Mount Russell, located in the Sierra Nevada Mountains of California, very near Mount Whitney, is a fourteener that I've been wanting to do for a long time. In the past I have been intimated by what I've read about Russell's class 3 knife-edge ridge and had decided that when I did it, I would do it with a guide. However, with my son Sam's recently gained experience in technical rock climbing and mountaineering, I realized I had my guide and dangled a free-trip to California to get him to go with me. Sam flew in from Utah on a Thursday afternoon and we set out for Lone Pine by car. Although it is now off-season for hiking, we were relegated to a flea-bag motel near Olancha, more than 20 miles away from Lone Pine, due to a film festival taking place that weekend. We set our alarm for 3:00 a.m. and started hiking about 5:15 a.m. from Whitney Portal. We did the first mile on the main Mount Whitney trail, in the dark, then after passing Carillon Creek, we arrived at the signed North Fork of Lone Pine Creek
where we turned off the main trail to take the trail known as the Mountaineer's Route, which is an alternate route up Mount Whitney. I've heard and read about the Mountaineer's Route for years and have imaged the lower part of the route to be a steep scramble up the side of the canyon with dicey footing, difficult route-finding and exhausting hiking. I was both relieved as well as somewhat disappointed to find that the route has been over-hyped. I was surprised to find a regular dirt trail branching off the north (right) side of the creek (that I'd never noticed before). The good trail winds fairly steeply up the north side of the canyon for about one-third to one-half a mile, then crosses over to the south (left) side of the stream. It was about this time that we first noticed light from the sun just beginning to rise in the east. The trail stayed on the south side for about a half mile, still mostly a good dirt trail, until the canyon started to narrow and the granite wall forced us back across the stream. To the west, above us, the stream bed was choked full of trees and brush, quite beautiful in autumn colors. Note, many of the pictures below were taken by Sam, and this attribution is all I'm going to do to acknowledge it. 

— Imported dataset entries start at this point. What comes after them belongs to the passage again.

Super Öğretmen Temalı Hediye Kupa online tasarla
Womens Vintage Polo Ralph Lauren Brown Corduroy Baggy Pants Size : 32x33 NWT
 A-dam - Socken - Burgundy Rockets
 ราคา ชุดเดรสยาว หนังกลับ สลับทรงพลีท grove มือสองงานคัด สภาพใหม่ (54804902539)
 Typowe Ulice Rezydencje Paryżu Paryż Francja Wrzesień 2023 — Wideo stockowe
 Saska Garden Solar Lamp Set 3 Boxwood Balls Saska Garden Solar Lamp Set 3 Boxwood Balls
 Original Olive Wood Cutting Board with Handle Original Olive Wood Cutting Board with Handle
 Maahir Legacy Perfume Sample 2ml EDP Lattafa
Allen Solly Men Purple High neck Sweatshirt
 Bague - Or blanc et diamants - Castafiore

The route up the Ebersbacher Ledges starts to the left below the lowest pine tree just right of center. 
We were saved the misery of hacking our way through that vegetation by the Ebersbacher Ledges which are part of the granite wall on the north (opposite) side of the canyon. Looking from the south side, the route up the ledges is fairly obvious, heading east (down-canyon) from the bottom of the canyon wall, up diagonally, past a distinctive sentinel pine tree,  then reversing and going west again (up-canyon), along a ledge containing some pine trees. 
The Ebersbacher Ledges.
We crossed the stream, which included a small, but pretty waterfall, with some water spraying out from the lip, and an unusual feature: water going down the face in vertical stripes. 
Once across, we traveled up canyon next to the north canyon wall for about 20 yards, before reaching what was described on summitpost as the "third class chute that leads up to the famed Ebersbacher Ledges, ...A large boulder reminiscent of the Matterhorn marks the chute." The seam in the granite has some large rocks which we climbed up, just past the sentinal pine tree, 
Looking up at the pine tree from the start of the route up to the Ebersbacher Ledges.
then we followed a level, relatively narrow ledge (probably the most exposed portion of the route),
Sam took this picture of me from above as I walked along the narrowest part of the Ebersbacher Ledges on the way back down.
 to another vertical seam, filled with a dead pine tree, that leads to a higher ledge. 
Climbing this section was difficult with a heavy backpack.
Not too far past that obstacle, the route reversed itself and went back to the west, along the ledge and through the pine trees, heading back up the canyon with little or no exposure. Off the ledges, we approached the top of this portion of the canyon and were rewarded with a view of the summit of Mount Whitney and Keeler and Crooks Needles to the left of it. 
They looked very close. At the top of this part of the canyon, Lower Boy Scout Lake sits at 10,320 feet, in a scenic valley surrounded by tall mountains on three sides. 
Lower Boy Scout Lake. Mt. Whitney is just visible in the back.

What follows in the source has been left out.